- Born: Salim Salimov December 10, 1972 (age 53) Ali Bayramli, Azerbaijan SSR, Soviet Union
- Citizenship: Azerbaijan
- Education: Baku State University
- Occupations: Poet Translator

= Salim Babullaoghlu =

Azerbaijani poet

Salim Babullaoghlu (Səlim Babullaoğlu) is an Azerbaijani poet. Thousands copies of his books have been sold in his homeland and have been translated into more than ten languages. He is also an Azerbaijani novelist, essayist, journalist and translator. His books have been published in Turkey, Germany, Poland, Georgia, Ukraine,. Hungary, Romania, Iran and Serbia.

Babullaoghlu was born on December 10, 1972, and graduated from Baku State University, Faculty of Library Science in 1995. For many years he worked as a journalist, editor in various literary institutions. He is a founder of the magazine "The World Literature". He is also a member of the Writers’ Union of Azerbaijan and the Bishkek Pen.

Salim Babullaoghlu is the author of poetry books such as "Lonely" (1996), "Nobody Writes to the Colonel" (2008, 2013, 2014), "Ilyas Gochman’s Photo Book" (2009, 2016), "Sentence Without First Letter" (2021), "Talk With My Son" (2022); essay books - "Literary Conversations" (2011), "Literary Dreams" (2015) and many other books on journalism and essays as well as translator, compiler and editor of dozens of other books. Over 200 books have been published under his editorship.
He has translated poems by M. Eminescu, T. S. Eliot, Borges, F.H. Daglarca, O. Veli, B.Pasternak, C.Milosz, T.Trantrömer, J. Brodsky,. V.Stus, B.Kharanauli and many other poets.

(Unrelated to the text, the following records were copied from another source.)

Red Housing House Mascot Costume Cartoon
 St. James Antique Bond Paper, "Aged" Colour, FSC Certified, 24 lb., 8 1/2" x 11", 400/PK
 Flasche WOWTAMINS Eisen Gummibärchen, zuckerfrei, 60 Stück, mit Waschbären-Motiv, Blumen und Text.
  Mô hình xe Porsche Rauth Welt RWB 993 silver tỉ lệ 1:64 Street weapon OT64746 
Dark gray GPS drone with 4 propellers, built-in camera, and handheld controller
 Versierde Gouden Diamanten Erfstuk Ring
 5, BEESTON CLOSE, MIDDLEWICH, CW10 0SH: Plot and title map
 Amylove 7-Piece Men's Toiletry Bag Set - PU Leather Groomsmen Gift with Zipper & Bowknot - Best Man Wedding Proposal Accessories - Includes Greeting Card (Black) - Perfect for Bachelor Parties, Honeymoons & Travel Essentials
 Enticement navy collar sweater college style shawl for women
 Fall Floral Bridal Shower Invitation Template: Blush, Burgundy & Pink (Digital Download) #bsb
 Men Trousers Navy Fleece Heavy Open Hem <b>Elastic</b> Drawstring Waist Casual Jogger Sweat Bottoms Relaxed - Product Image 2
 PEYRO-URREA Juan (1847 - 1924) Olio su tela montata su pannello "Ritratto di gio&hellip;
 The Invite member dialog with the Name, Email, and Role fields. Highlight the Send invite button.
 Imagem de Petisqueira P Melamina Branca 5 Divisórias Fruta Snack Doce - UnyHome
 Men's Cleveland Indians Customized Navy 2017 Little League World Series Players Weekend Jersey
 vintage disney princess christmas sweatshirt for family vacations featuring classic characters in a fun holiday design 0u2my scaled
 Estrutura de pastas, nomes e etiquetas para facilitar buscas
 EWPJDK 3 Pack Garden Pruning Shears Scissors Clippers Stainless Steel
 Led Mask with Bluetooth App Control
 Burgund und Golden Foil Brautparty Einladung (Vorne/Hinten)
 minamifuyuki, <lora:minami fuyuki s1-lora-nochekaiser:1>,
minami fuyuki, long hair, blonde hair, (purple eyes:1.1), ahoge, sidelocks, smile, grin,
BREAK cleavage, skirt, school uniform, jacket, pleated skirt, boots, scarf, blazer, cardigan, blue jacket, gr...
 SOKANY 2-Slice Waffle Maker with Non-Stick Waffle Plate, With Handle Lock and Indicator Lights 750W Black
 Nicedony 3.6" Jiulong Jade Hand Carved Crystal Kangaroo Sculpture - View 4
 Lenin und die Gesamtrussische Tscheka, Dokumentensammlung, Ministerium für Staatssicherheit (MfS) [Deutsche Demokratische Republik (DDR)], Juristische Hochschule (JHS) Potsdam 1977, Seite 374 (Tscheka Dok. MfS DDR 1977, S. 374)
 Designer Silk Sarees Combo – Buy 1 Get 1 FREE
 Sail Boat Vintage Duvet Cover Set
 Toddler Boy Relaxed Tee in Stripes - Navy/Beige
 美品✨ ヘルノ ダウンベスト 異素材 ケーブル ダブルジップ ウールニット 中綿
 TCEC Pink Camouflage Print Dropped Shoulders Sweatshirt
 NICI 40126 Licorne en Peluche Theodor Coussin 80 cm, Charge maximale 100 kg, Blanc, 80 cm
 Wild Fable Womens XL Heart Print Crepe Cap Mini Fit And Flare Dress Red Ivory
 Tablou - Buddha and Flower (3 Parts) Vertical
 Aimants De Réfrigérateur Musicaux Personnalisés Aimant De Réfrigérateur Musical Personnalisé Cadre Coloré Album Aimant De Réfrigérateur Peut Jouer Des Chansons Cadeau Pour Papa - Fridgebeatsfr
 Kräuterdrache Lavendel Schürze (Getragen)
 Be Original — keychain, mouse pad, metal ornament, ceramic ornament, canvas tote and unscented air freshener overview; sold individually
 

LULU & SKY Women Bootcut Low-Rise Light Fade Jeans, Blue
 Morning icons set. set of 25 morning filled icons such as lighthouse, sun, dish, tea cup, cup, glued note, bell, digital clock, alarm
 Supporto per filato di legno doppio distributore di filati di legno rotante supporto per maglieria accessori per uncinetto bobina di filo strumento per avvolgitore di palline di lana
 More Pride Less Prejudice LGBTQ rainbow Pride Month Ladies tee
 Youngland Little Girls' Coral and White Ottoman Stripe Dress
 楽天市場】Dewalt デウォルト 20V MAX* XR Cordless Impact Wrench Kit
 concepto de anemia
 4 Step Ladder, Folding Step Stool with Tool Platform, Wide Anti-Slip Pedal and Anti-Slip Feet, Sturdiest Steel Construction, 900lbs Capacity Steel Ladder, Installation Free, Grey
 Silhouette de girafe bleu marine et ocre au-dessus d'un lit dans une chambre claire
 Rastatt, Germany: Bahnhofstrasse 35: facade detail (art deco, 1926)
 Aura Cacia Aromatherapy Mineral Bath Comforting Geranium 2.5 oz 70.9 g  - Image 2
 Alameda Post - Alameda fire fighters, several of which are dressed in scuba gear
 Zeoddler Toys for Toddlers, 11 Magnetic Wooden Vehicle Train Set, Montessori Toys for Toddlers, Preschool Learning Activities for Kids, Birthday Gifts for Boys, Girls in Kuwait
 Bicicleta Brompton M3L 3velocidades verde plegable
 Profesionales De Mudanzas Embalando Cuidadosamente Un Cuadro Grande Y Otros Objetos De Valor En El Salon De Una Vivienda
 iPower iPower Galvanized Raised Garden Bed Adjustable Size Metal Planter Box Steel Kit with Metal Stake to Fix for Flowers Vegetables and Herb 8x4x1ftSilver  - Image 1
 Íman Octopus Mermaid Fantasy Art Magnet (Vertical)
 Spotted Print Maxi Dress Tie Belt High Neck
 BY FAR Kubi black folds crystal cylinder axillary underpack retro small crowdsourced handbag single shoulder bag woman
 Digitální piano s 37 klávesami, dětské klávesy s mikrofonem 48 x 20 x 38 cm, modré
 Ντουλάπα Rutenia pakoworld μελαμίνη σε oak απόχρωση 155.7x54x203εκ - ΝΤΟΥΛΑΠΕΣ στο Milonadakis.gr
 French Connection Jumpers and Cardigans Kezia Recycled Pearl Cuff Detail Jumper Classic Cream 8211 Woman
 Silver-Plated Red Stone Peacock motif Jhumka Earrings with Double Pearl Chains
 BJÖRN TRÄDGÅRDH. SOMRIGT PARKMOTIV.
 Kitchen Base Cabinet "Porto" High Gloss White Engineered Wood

Babullaoghlu is a diplomate of the European Poet of Freedom (Poland / Gdansk, 2018) and also an Honorary Poet of the city of Iași (Romania, 2019).
He was awarded with: Mikail Mushfig Poetry Award (Azerbaijan, 2014), the International Rasul Rza Award (Azerbaijan, 2015), The Golden Word-Chance Award (2010, Ministry of Culture of Azerbaijan Republic), the International Shahriyar Culture Medal (Iran / Tabriz University, 2018), Ivo Andric Medal (Serbian Royal Academy, 2019), Honorary Poet of the city of Iași (Romania, 2019), Vagif Samadoghlu Medal (2022), Nizami Ganjavi Medal (Azerbaijan, 2021), The Personalitate Gold Medal (Moldova, Chișinău, 2023),.
He is a founder of the magazine "The World Literature". He is a founder of the magazine "The World Literature". He is also a member of the Writers’ Union of Azerbaijan and the Bishkek Pen.

He is the Secretary for International Relations of the Azerbaijan Writers' Union, as well as the Chairman of the Admissions Committee.

Married, he has two children. He lives in Baku with his family.